In the aftermath of the Great Recession, the bourgeoisie found itself on the defensive ideologically. The Arab revolutions and the pre-revolutionary escalation in Greece highlighted the potential for a turn in the class struggle and provided inspiration to the working class and masses worldwide for several years. Their advances took place despite an already deep crisis and illustrated the spontaneous revolutionary potential of the working class – but also its limits.
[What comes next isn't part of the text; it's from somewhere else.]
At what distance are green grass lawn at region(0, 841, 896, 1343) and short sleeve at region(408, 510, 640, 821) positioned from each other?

The defeats of those movements not only revealed the depth of the crisis of leadership of the proletariat, but also had a lasting global impact on the morale, combativity and consciousness of the working class. The shift in the balance of forces had reactionary consequences: the decomposition of traditional workers’ organisations and the rise of right-wing populism, including fascist and semi-fascist forces, which presented itself as a reactionary but anti-“elite” pseudo-radical solution. The political weakness of the workers’ movement is expressed precisely in the fact that, in almost all countries, the choice now appears to be one between the populist right wing and a “democratic” centre that includes the mass organisations of the proletariat.
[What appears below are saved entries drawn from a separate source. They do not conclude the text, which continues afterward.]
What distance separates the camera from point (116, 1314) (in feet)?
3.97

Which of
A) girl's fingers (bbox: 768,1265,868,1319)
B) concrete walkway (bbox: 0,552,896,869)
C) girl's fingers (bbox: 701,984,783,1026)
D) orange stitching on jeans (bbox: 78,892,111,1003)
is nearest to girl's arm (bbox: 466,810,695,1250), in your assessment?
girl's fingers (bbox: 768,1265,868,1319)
The left, but also progressive mass movements like the women’s strikes or Black Lives Matter, and the militant wing of the working class itself, are very much influenced by petty-bourgeois and neo-reformist ideas (identity politics, individualism, left populism, transformation strategy). This global shift in the political and ideological balance of power is also expressed in a weakness of the subjectively revolutionary (centrist) left on the globe and in its adaptation to such ideologies.
Undoubtedly, the struggles of the last few years have created, and future struggles will again create, important opportunities for the re-formation of the working class – including large strike movements or insurrection-like revolts as in Sri Lanka. In some countries, as is currently the case with the Workers’ Party, PT, in Brazil, it may also happen that reformist parties, despite their treacherous policies, will once again attract the hopes and illusions of the working class. These will not last, but such movements and their radicalisation can only prepare the ground for a solution to the leadership crisis, they cannot themselves solve the problem.
This requires a targeted revolutionary intervention based on a clear, global programme whose central theme is the need to build organisations of workers’ control, not only to deal with immediate issues but to become the means of overthrowing capitalism and forming the basis of workers’ states. Parties based on such a programme will need to concretise and constantly update it in the form of national or section-specific action programmes. They will also need an understanding of how to apply principled tactics in party building, for example, regroupment, entrism or formation of a workers’ party, which can, nationally and internationally, advance the cause of a new, Fifth International.